**TASK DESCRIPTION:** Output, exactly as written, the lines below from the one that has "南寧新房裝修-現(xiàn)代輕奢風(fēng)-陽臺(tái)" through the one that has "330 Line Street"; nothing else, and no pictures.

**ENTRIES PROVIDED:**
= = = = =

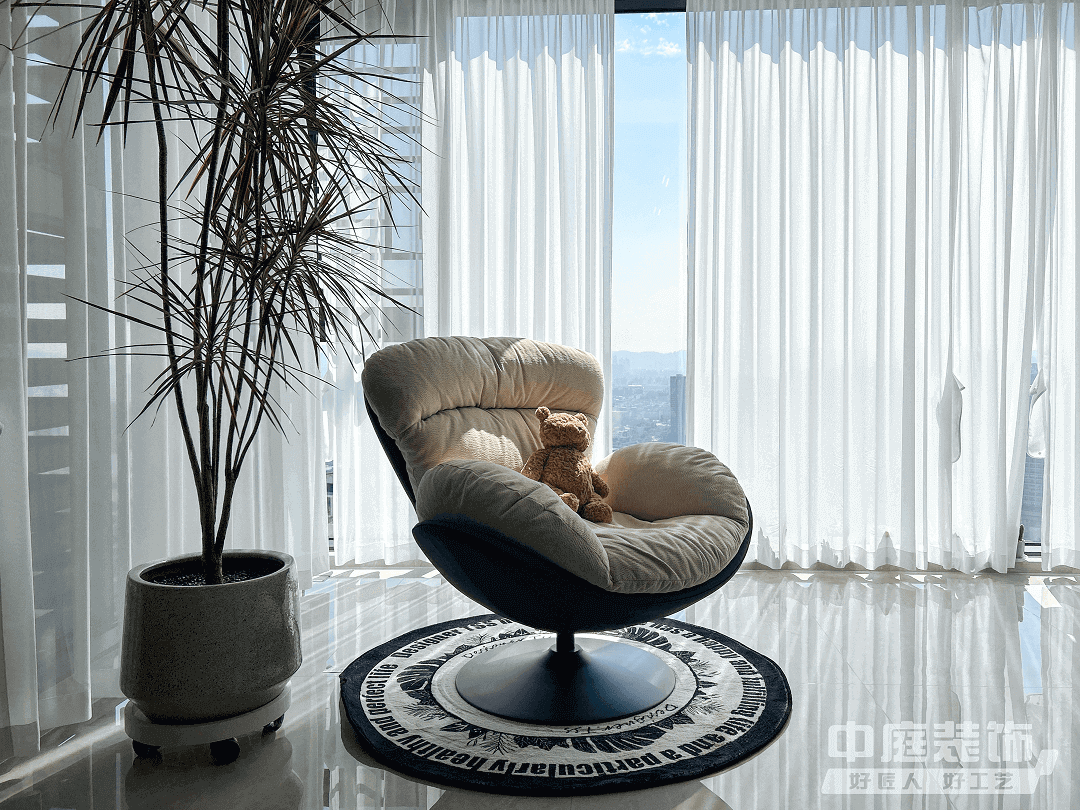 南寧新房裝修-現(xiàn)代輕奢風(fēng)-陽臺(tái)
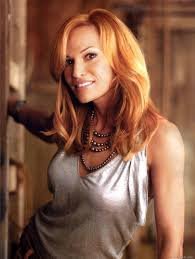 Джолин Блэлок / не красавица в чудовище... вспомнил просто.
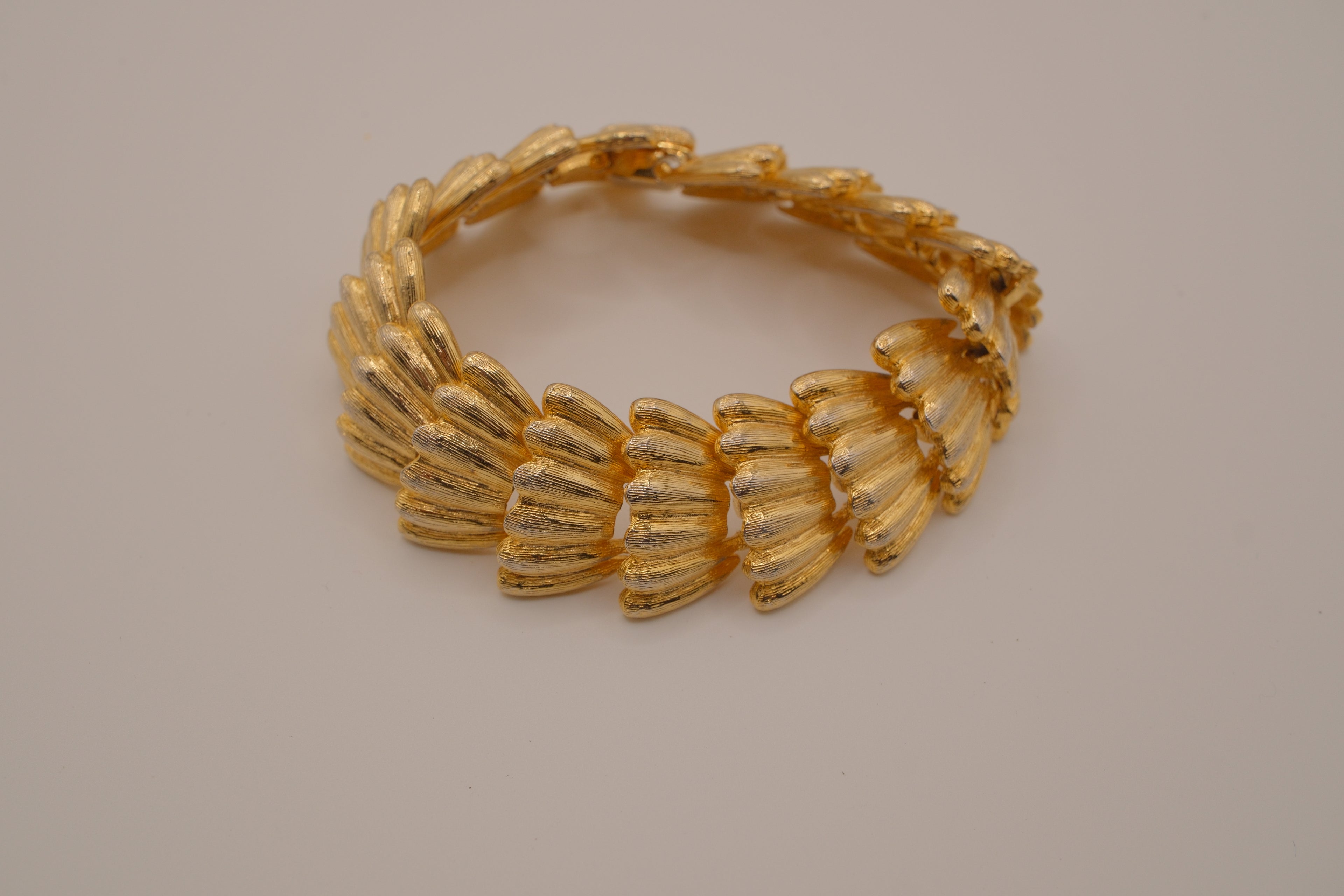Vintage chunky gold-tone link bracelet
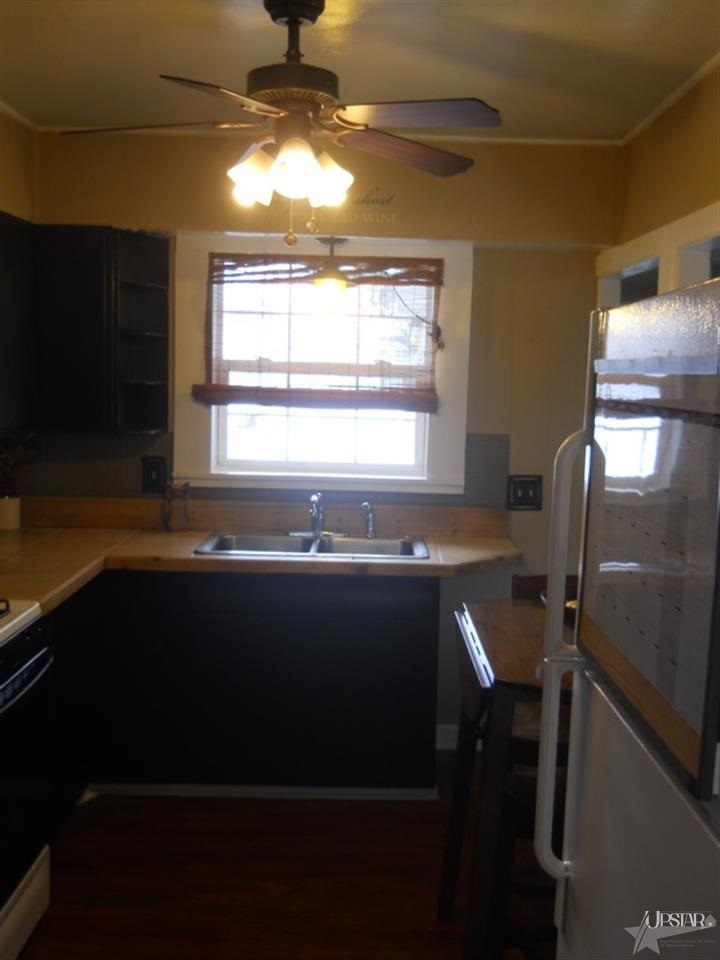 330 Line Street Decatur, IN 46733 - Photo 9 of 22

= = = = =

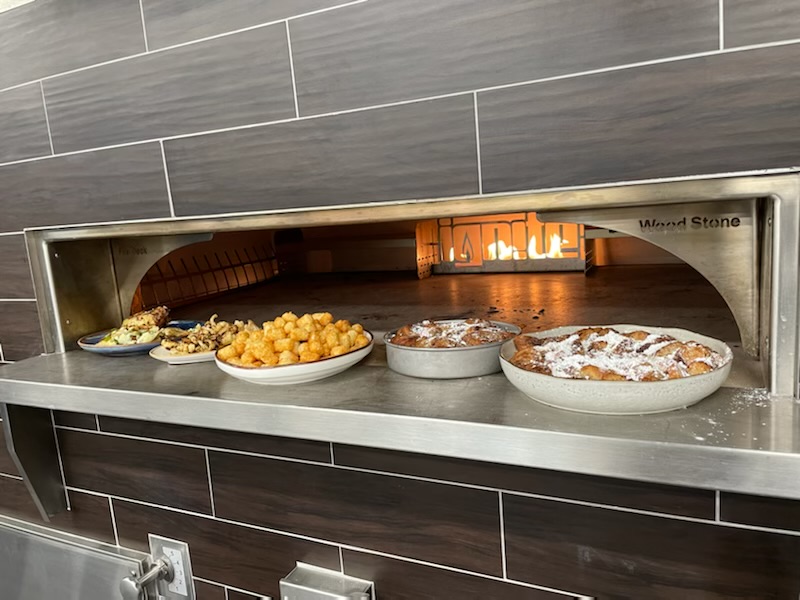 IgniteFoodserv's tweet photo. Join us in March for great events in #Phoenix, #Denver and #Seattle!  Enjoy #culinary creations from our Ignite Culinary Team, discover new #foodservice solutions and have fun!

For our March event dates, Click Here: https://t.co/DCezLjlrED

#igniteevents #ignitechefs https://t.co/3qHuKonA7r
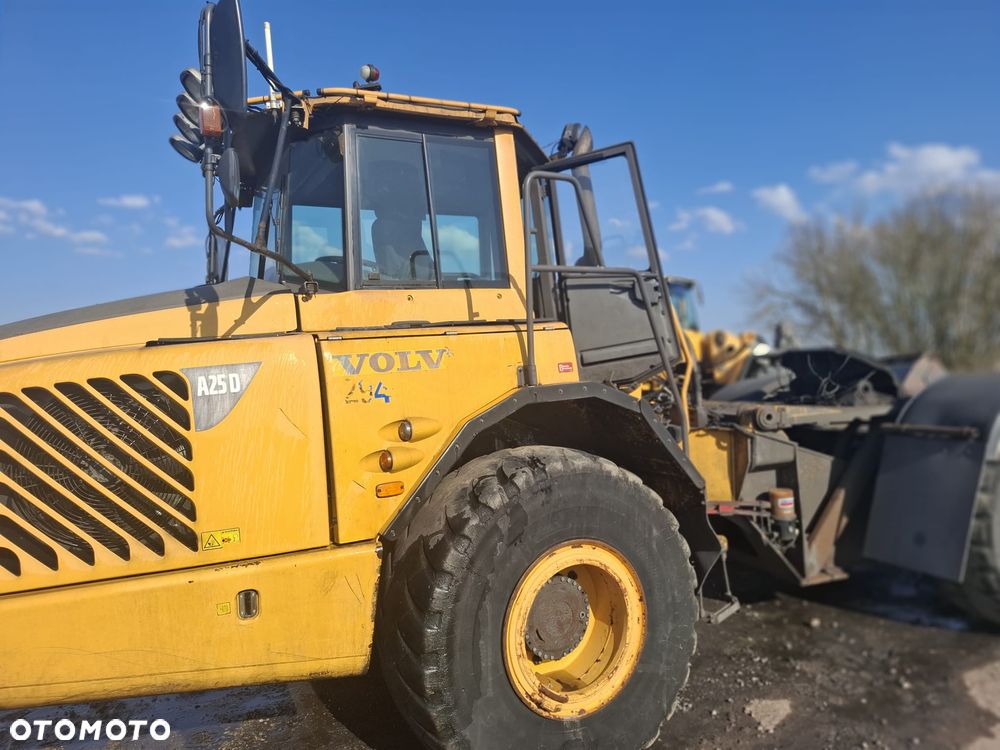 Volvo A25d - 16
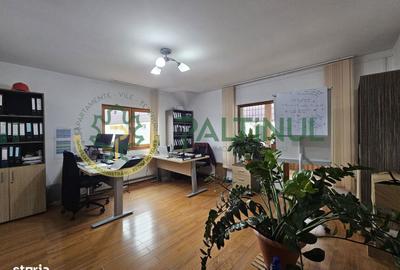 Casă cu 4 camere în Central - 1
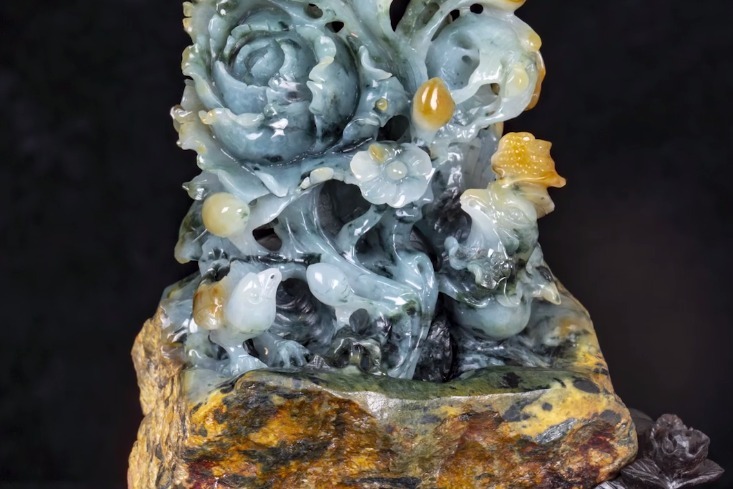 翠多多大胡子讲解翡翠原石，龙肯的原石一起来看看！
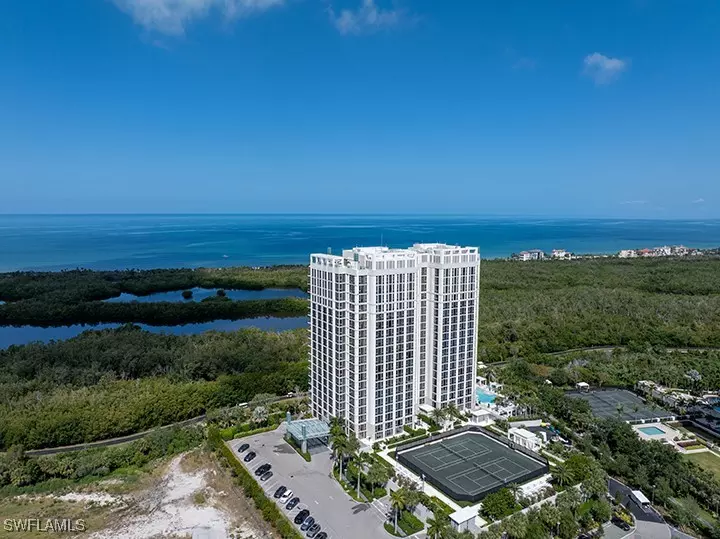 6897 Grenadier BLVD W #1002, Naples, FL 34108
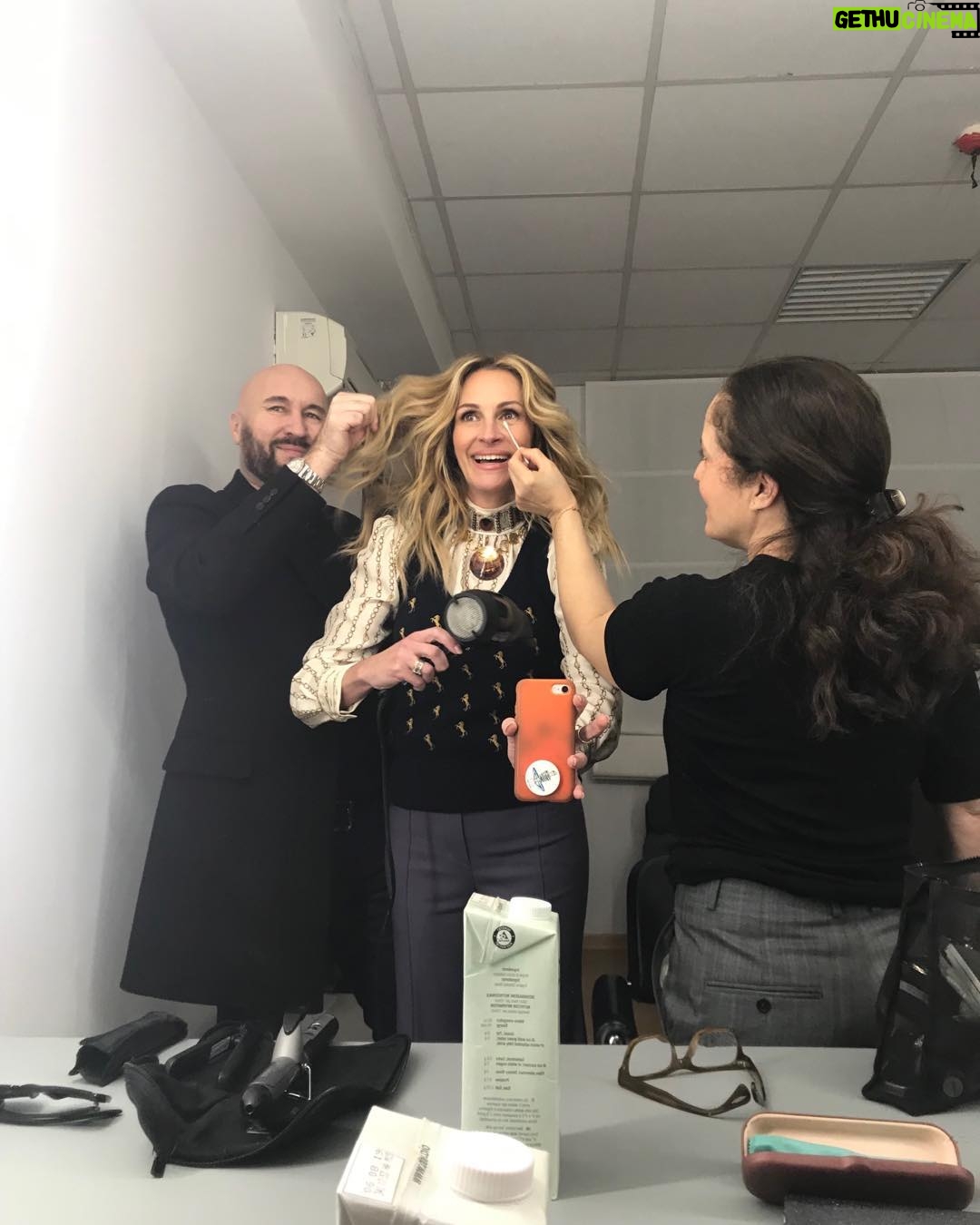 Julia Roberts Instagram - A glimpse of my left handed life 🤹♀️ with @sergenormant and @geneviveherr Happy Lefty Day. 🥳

= = = = =

**SOLUTION TO THE PROBLEM:**
 南寧新房裝修-現(xiàn)代輕奢風(fēng)-陽臺(tái)
 Джолин Блэлок / не красавица в чудовище... вспомнил просто.
Vintage chunky gold-tone link bracelet
 330 Line Street Decatur, IN 46733 - Photo 9 of 22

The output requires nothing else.